Imaginons, vous êtes guide touristique. Quels endroits me conseillez-vous en Uruguay ?
La Rambla ! C’est une grande avenue à Montevideo de 22km qui longe la côte. On peut se promener entre la terre et la mer. Les quartiers sont très variés et il y a plein d’histoires à raconter. Vous avez aussi Punta del Este, qui est le Saint-Tropez sud-américain. Quand vous allez vers la frontière brésilienne, il y a des longues plages sauvages avec des dunes énormes. L’endroit est resté vierge, c’est magnifique… Et bien sûr, Montevideo est une belle capitale, assez européenne, avec des architectures différentes.
Et qu’est-ce que l’on mange bien en Uruguay ?
On mange beaucoup de viande grillée. Il n’y a pas de comparaison entre la viande d’Uruguay, d’Argentine ou du Brésil et celle que l’on peut retrouver en Europe. Elle est plus goûteuse et signe de convivialité. Les barbecues sont aussi le moment de se retrouver. L’Uruguayen, même en hiver, il va tenter d’allumer un barbecue par 5 degrés.
Quel regard portez-vous sur les Uruguayens ?
On sait rigoler de nous-mêmes, on a beaucoup d’autodérision.
Ça ressemblait à quoi le football en Uruguay quand vous commenciez ?
Les chaussettes nous mangeaient presque le talon, sans protège-tibias. Un football beaucoup plus identifié en institutions. Un autre rythme, parce qu’aujourd’hui c’est beaucoup plus physique. Mais c’était quand même plus fort parce qu’il y avait cette notion d’amoindrir l’adversaire par le contact physique. Aujourd’hui, le football va beaucoup plus vite avec le 4e arbitre, la VAR… A mon époque, on pouvait aller boire une bière avec les supporters, mais ça n’était qu’une bière. Aujourd’hui, c’est impensable, c’est incomparable.
Au contraire, quelle est votre pire expérience sur un terrain de foot ?

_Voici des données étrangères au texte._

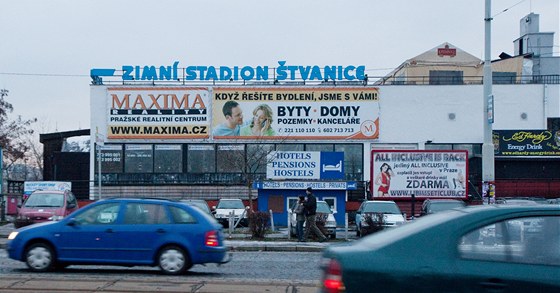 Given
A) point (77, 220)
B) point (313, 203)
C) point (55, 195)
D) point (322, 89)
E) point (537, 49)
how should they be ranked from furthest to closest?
point (537, 49)
point (322, 89)
point (55, 195)
point (313, 203)
point (77, 220)

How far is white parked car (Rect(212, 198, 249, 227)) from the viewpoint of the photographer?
1362 inches

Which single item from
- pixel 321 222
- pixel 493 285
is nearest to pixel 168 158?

Les pires souvenirs sont liés à la violence qui est à l’extérieur du terrain. Il y avait des zones de terrains obscures où c’était plus rugueux. Même quand je jouais, je commençais à voir de la violence qui devenait ingérable. C’est le point noir du football en général. J’ai été choqué de voir des gens mourir sous les balles quand je jouais au foot. Ce sont des choses qui restent dans la tête, et on se demande même si l’on n’est pas générateur de ça. Le football a souvent été associé à ça, parce que c’est le sport populaire, mais aussi comme échappatoire nécessaire à la société.
Si vous ne deviez citer qu’un seul club en Uruguay ?
Ce serait Peñarol, parce qu’il est dans cette notion de club du peuple. Nacional est plus identifié comme le club des élites, même si ce n’est pas totalement vrai. Mais rien que pour mon papa qui n’est plus de ce monde, ça lui aurait fait plaisir que je dise Peñarol.
Ça vous arrive encore de regarder des matchs du championnat uruguayen ?
Tout le temps, parce qu’on ne se défait pas de mes racines footballistiques et familiales. Je suis aussi intéressé par l’évolution du football là-bas. Quand mes parents étaient encore là, je descendais une fois par an pour les voir et j’allais au stade pour voir des matchs. Aujourd’hui, je regarde minimum deux, trois matchs par semaine.